Speaking to the Donegal News this week, she admitted the 2019 campaign was a steep learning curve for what was a very young and inexperienced side. But she was content enough with how she settled into matters in the front row.

“To be honest, coming into the season I wasn’t expecting to get a start. To get that then against England was just unbelievable. I was competing with Lindsey Peat – an established No. 1 – and I just didn’t think I’d be getting that opportunity.

“When I got it I really went for it. I felt it went well enough for me. My scrummaging was good. I’ve always backed that side of my game. It was an area that I was confident enough with. But having played less minutes the year before, I still didn’t know what to expect.

“But playing England at home in my first start, that was really special.”

Feely was a typical Donegal all rounder growing up. A Twin Towns native, athletics at Finn Valley and Gaelic football with MacCumhaills sharpened her competitive spirit. But she could never have envisaged early on that her sporting road would veer so sharply, it would eventually end up with international representation and the Irish ladies rugby team.


She explained: “For me, being from Ballybofey it was always about Finn Valley athletics and MacCumhaills. They were my two main things. My two brothers then got involved with Letterkenny Rugby Club. I was lucky enough that Jonathan Llewhellin, the Welsh Development Officer that worked for Ulster at the time, set up tag rugby in the school.

“From that, he also started a girls underage side in Letterkenny. So when my brothers were going into train I started going with them. That was the way our house worked. When school finished up I had a decision to make – whether I wanted to carry on playing rugby somewhere else.

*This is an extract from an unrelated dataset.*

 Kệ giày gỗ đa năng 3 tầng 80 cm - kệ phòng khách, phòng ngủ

“I went to Sligo and played senior rugby for the very first time with Sligo RFC. I got to know some people there from Connacht Rugby. Living at home and travelling to Sligo I played with Ulster. But I eventually ended up working in Galway and Connacht made the most sense.

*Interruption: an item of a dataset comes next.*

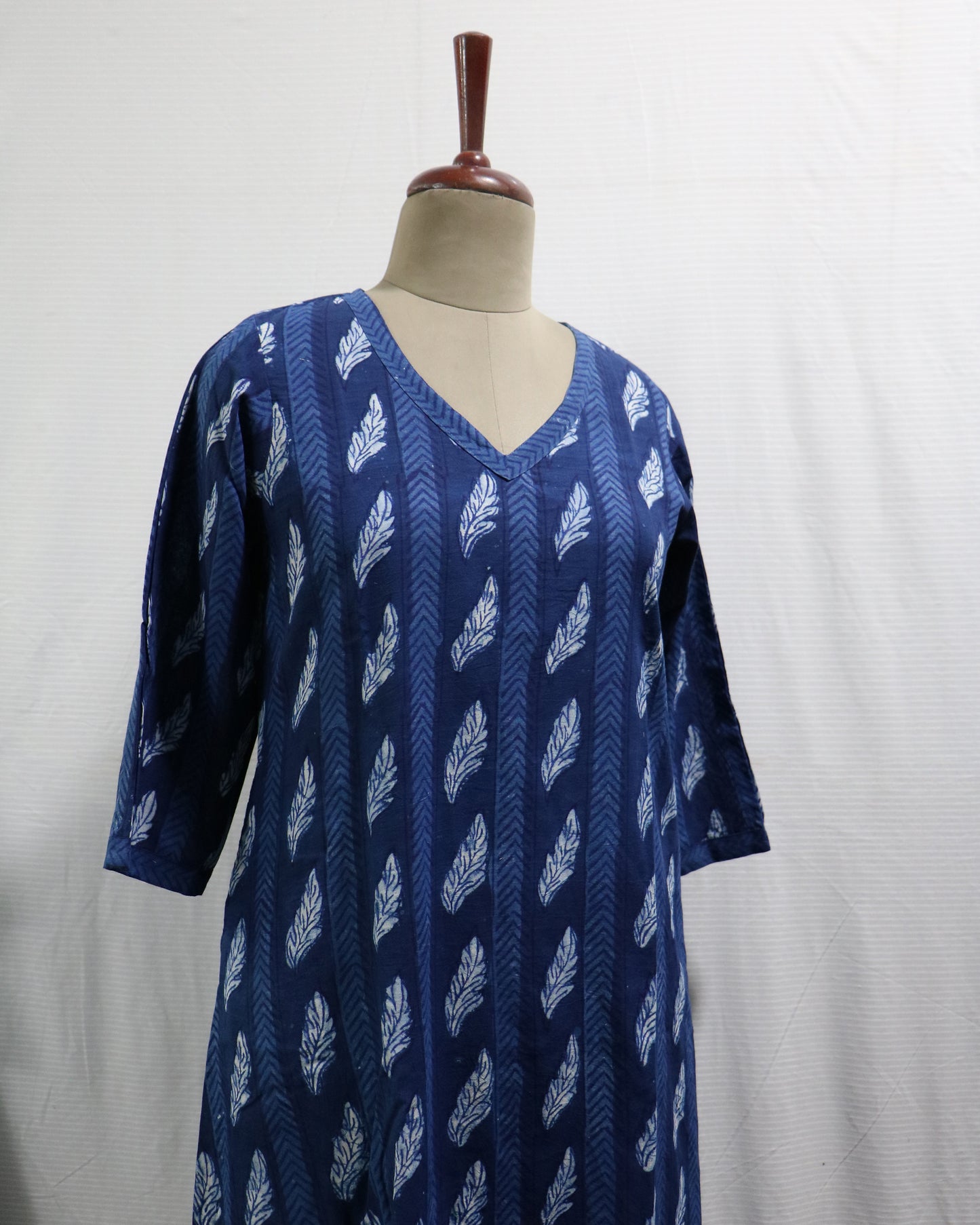 Indigo Dabu Handblocked A-Line Kurta, both side pocket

“They’ve been so good to me and given me so many opportunities. It really is a home from home now for me.”

Donegal is by no means a rugby stronghold. But it does have some unlikely pedigree in the ladies game. Another Ballybofey girl, Larissa Muldoon, and Fahan native, Nora Stapleton, were regulars for their country until very recently.

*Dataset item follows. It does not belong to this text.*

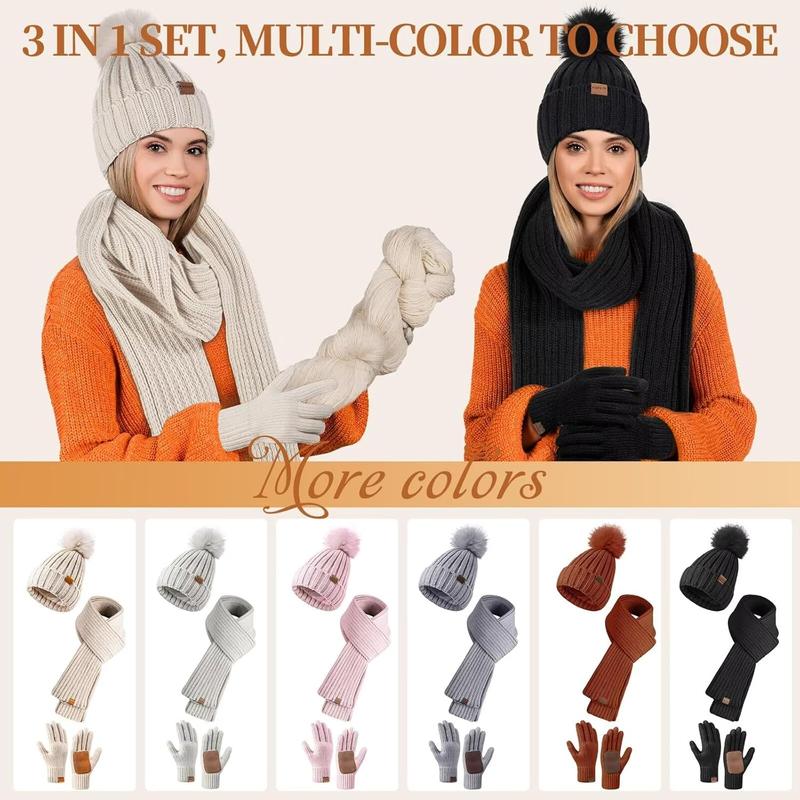 Winter Beanie Hat Scarf Gloves Set for Women, Womens Beanie with Pom Pom Long Scarf Neck Warmer Touchscreen Gloves 3 in 1 Set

Indeed, Stapleton was this week appointed as Sport Ireland’s new Women in Sport Lead.

The current IRFU women’s development manager will leave her role with Irish rugby’s governing body to assume her new position in the next number of weeks. Feely says the pair have been huge influences.

“I actually went to school with Larissa,” she said. “We started playing rugby together. We’ve always looked up to Nora of course. I think that mixed background, where we’ve all played others sports, is what lends itself to rugby so well.

“Sport drives on a lot of young people. I’m definitely one of them. It’s given me a lot of opportunities.”

Ireland are now down to 10th in the World Rugby rankings after Adam Griggs’ side endured a miserable campaign, finishing fifth in the 2019 tournament with just one win and four defeats from their five outings. But Feely feels the young talent coming through can step up to the mark.

“It’s been a funny one this year. It’s a bit of a transitional period. We’ve capped eight new players again this season. We’ve some fantastic talent and we’re seeing some of that underage talent emerge.

“It just takes time. We’ve had a stronghold of experienced players that have moved on to other things. But I do think we’ve got the potential to move up. The mood and the atmosphere in camp remained upbeat and positive.

“We realise that it will take time and that the learning from this season will stand us well. It’s a short time in camp and it’s a big ask to hit that standard straight away. We don’t play week in, week out with each other.

“But we’ve taken a lot of learning from the year, definitely.”